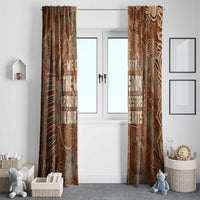 We Carry The Wisdom Window Curtain African Ancient Symbols, Earthy Tones, and Ancestral Wisdom Quote - Wonder Print Shop
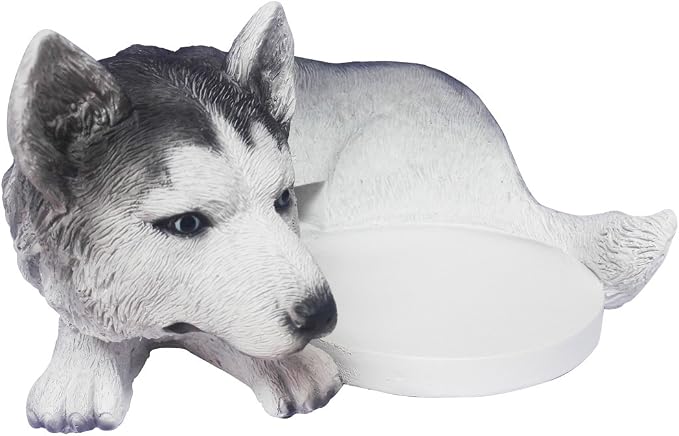 Husky Dog Crafted Statue Camera Holder Stand Guard Station for YI Dome Camera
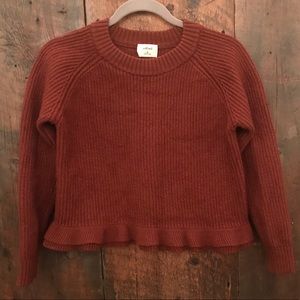 Wilfred Ruffle Sweater
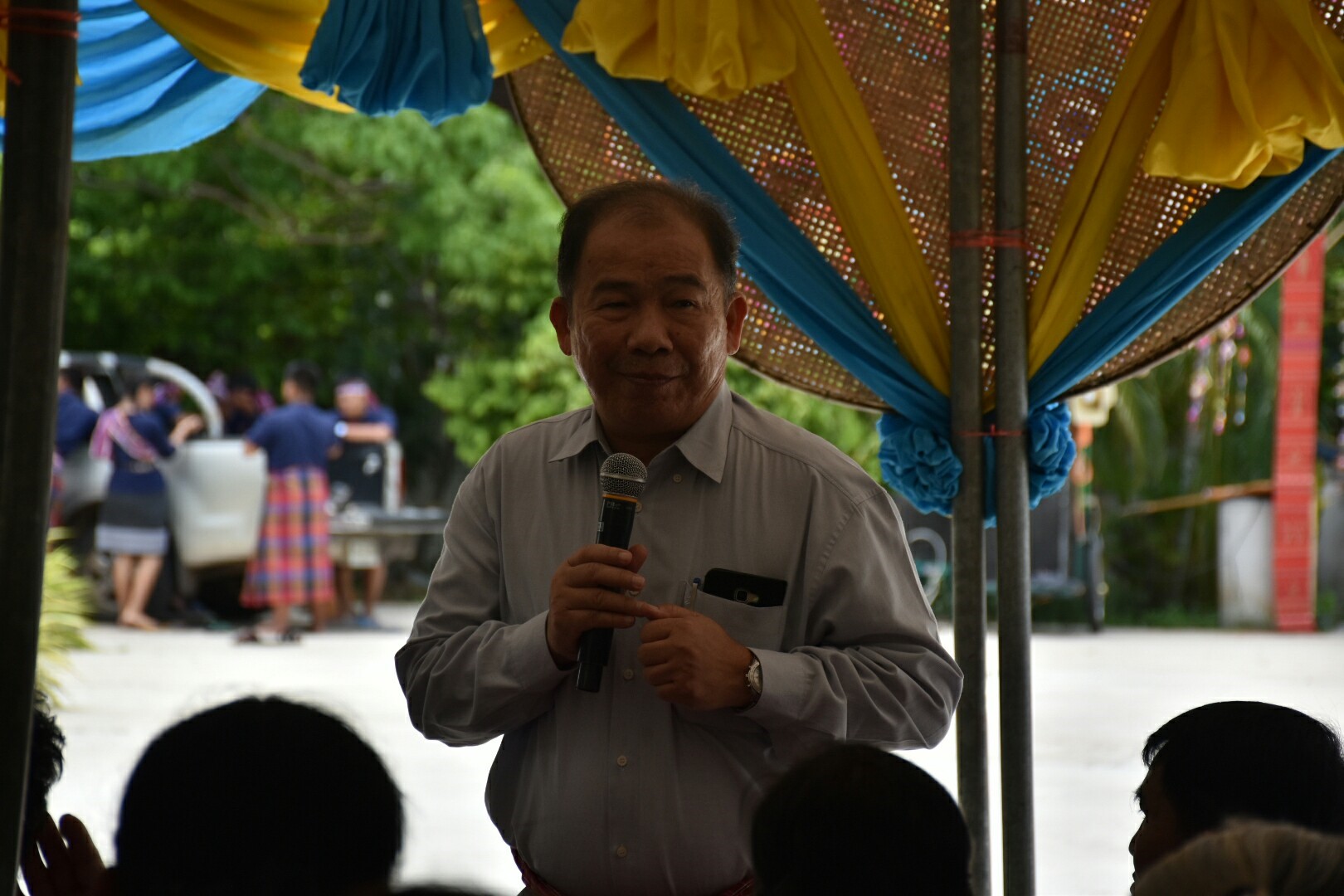 25 พฤษภาคม 2561 การตรวจเยี่ยมการดำเนินงานสารสนเทศตำบลต้นแบบเพื่อการพัฒนาคุณภาพชีวิต ตำบลหนองทุ่ม อ.วาปีปทุม และหมู่บ้านสารสนเทศต้นแบบเพื่อการพัฒนาคุณภาพชีวิต บ้านหนองเผือก หมู่ที่ 3 ตำบลหนองทุ่ม อำเภอวาปีปทุม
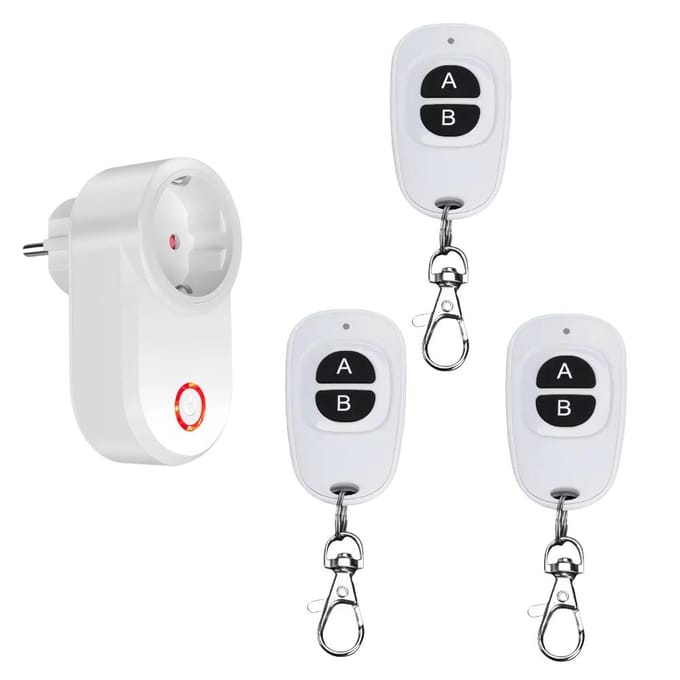 Prise Intelligente Sans Fil 433Mhz Télécommande Socket EU FR Étanche Télécommande 15A 110V 220V Prise RF pour Appareils Ménagers Lampe ON OFF vert de mer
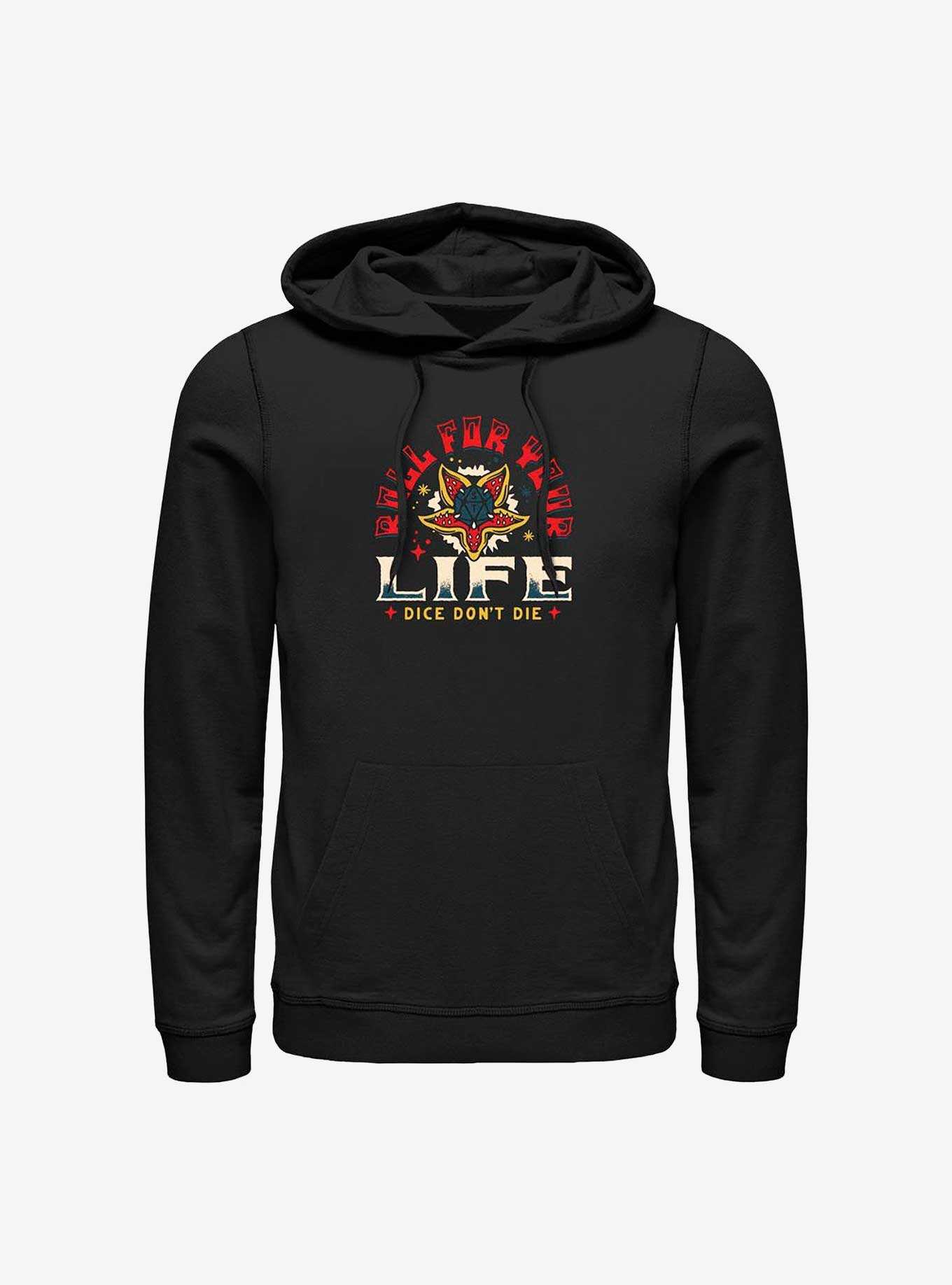 Stranger Things Roll For Your Life Hoodie, , hi-res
········
**WORK ORDER**.
This task calls for the records to be copied exactly, without pictures.

**WRITTEN ANSWER**.
 We Carry The Wisdom Window Curtain African Ancient Symbols, Earthy Tones, and Ancestral Wisdom Quote - Wonder Print Shop
 Husky Dog Crafted Statue Camera Holder Stand Guard Station for YI Dome Camera
 Wilfred Ruffle Sweater
 25 พฤษภาคม 2561 การตรวจเยี่ยมการดำเนินงานสารสนเทศตำบลต้นแบบเพื่อการพัฒนาคุณภาพชีวิต ตำบลหนองทุ่ม อ.วาปีปทุม และหมู่บ้านสารสนเทศต้นแบบเพื่อการพัฒนาคุณภาพชีวิต บ้านหนองเผือก หมู่ที่ 3 ตำบลหนองทุ่ม อำเภอวาปีปทุม
 Prise Intelligente Sans Fil 433Mhz Télécommande Socket EU FR Étanche Télécommande 15A 110V 220V Prise RF pour Appareils Ménagers Lampe ON OFF vert de mer
 Stranger Things Roll For Your Life Hoodie, , hi-res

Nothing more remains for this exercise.